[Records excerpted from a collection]
____________________
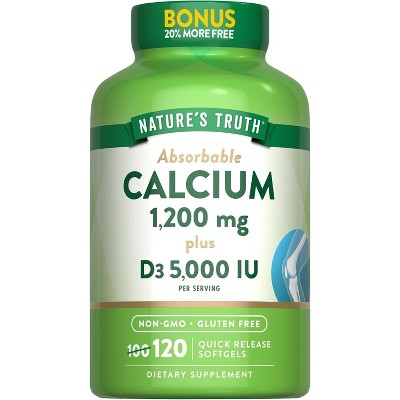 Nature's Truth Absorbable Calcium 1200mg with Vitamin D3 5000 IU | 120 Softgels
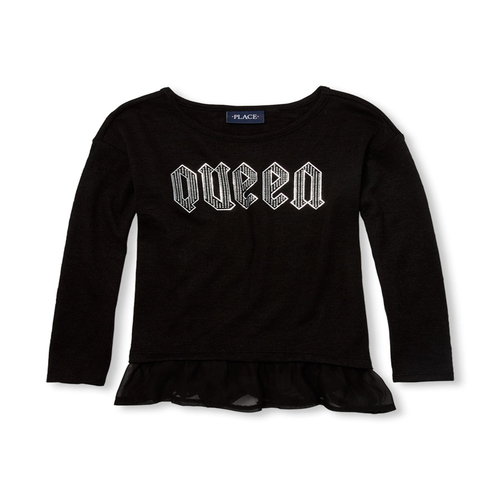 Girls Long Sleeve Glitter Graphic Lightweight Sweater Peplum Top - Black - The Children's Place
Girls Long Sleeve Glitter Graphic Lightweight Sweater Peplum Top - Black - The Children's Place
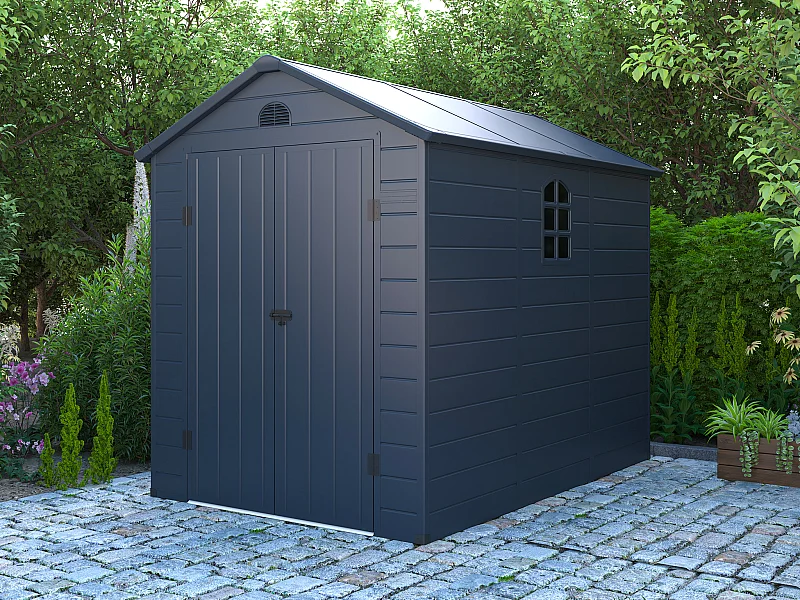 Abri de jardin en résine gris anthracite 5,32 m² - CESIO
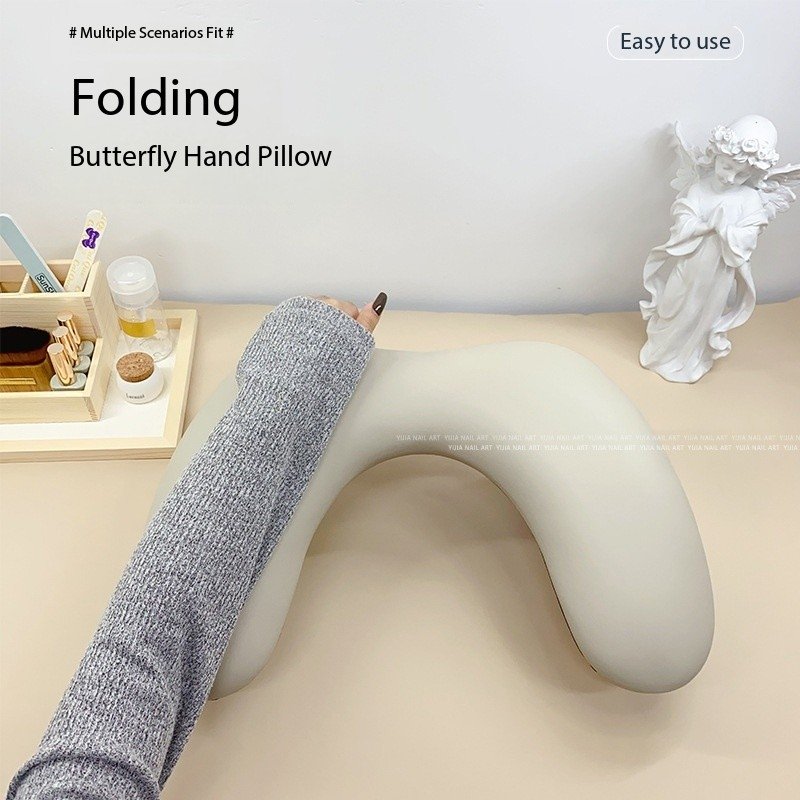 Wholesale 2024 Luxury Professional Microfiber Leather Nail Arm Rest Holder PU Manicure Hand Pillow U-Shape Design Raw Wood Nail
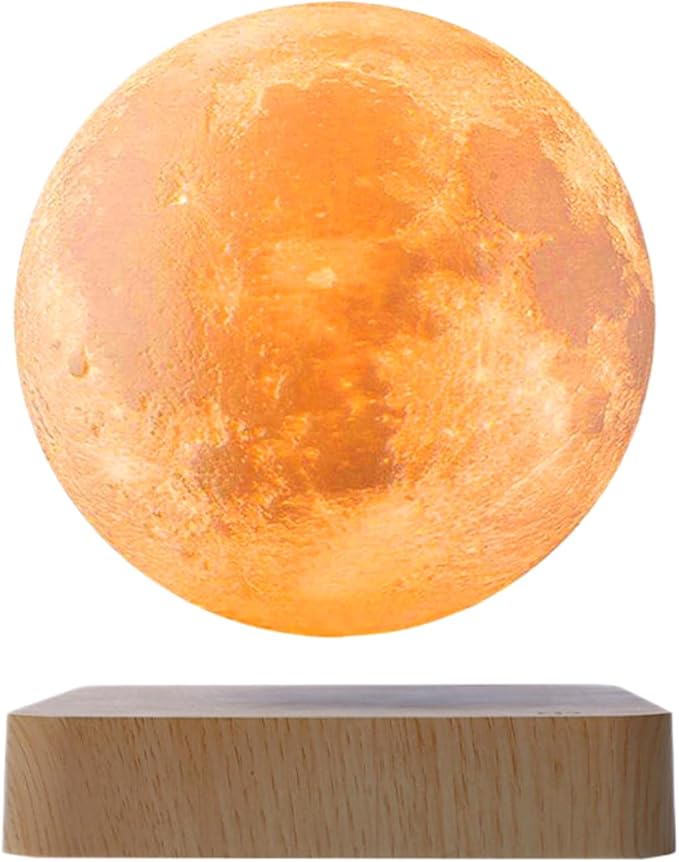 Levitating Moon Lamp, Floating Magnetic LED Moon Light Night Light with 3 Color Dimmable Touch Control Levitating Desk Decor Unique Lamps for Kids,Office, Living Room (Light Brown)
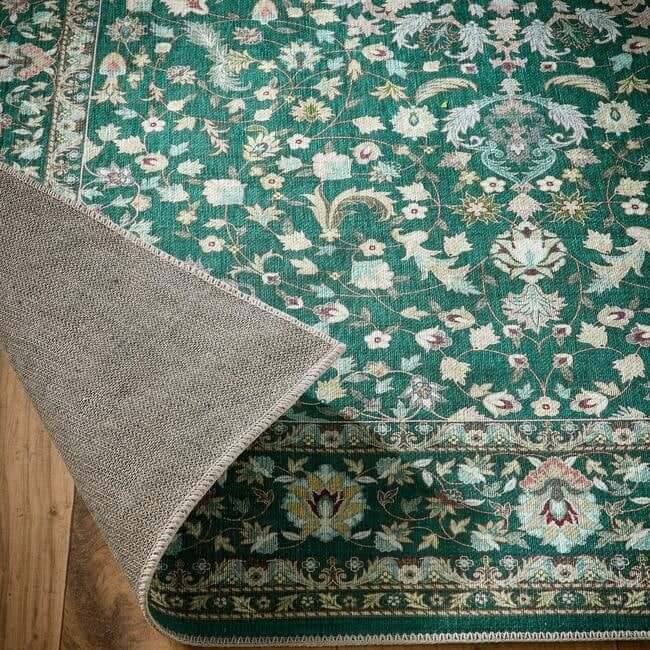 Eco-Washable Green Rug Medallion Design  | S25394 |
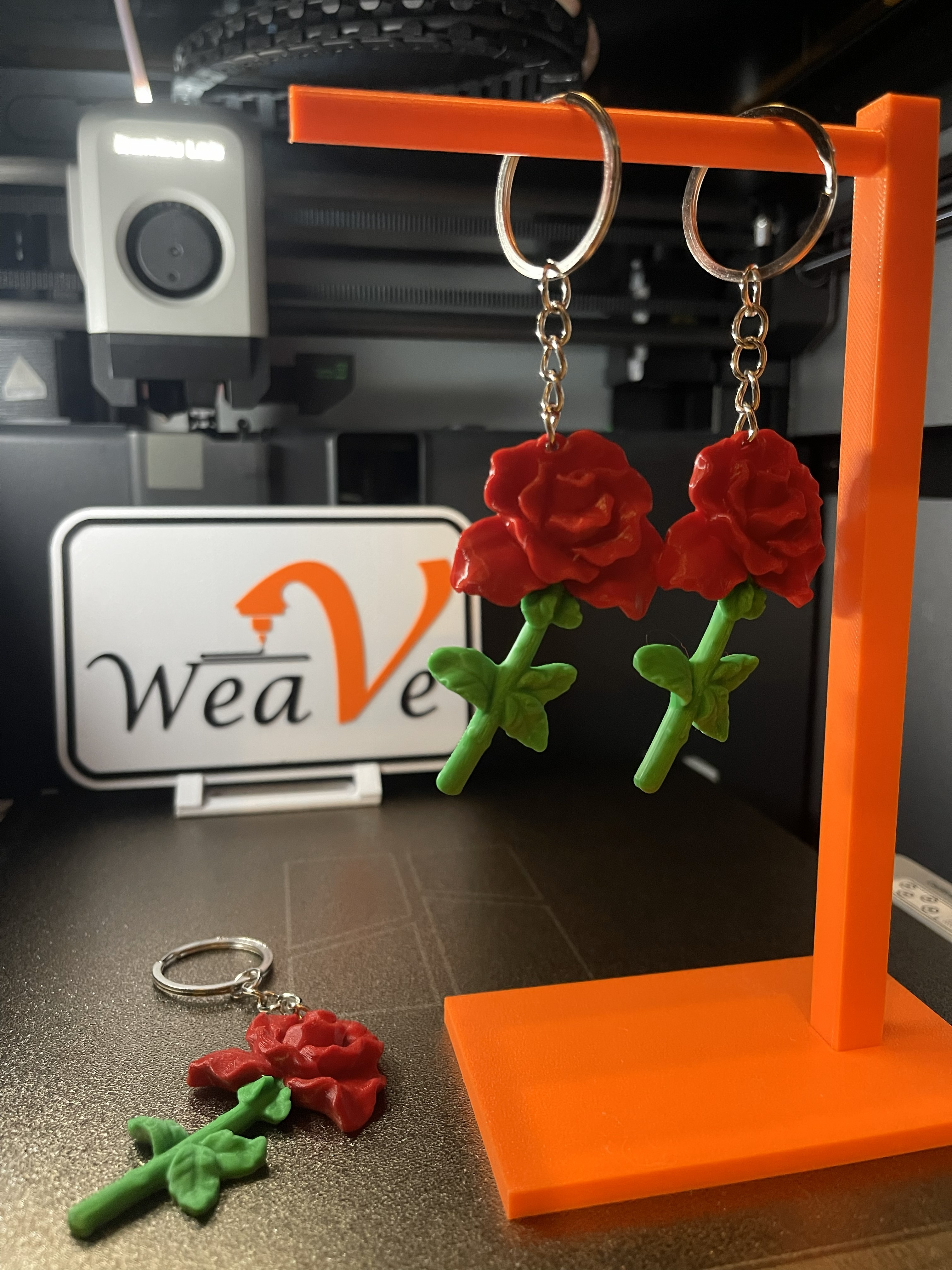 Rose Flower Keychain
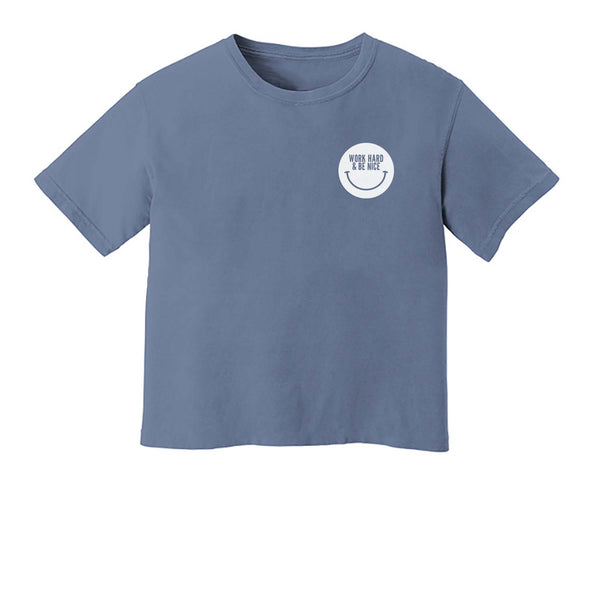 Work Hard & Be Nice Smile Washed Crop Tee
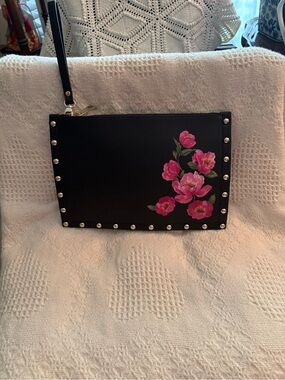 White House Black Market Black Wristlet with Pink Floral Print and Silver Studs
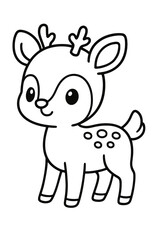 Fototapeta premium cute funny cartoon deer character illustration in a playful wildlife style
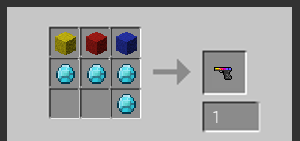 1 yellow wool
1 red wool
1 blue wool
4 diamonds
____________________
What to do: From the line with "Eco-Washable Green Rug" down to the final line of the entries above, repeat each line exactly; omit the pictures.

Response:
 Eco-Washable Green Rug Medallion Design  | S25394 |
 Rose Flower Keychain
 Work Hard & Be Nice Smile Washed Crop Tee
 White House Black Market Black Wristlet with Pink Floral Print and Silver Studs
 Fototapeta premium cute funny cartoon deer character illustration in a playful wildlife style
 1 yellow wool
1 red wool
1 blue wool
4 diamonds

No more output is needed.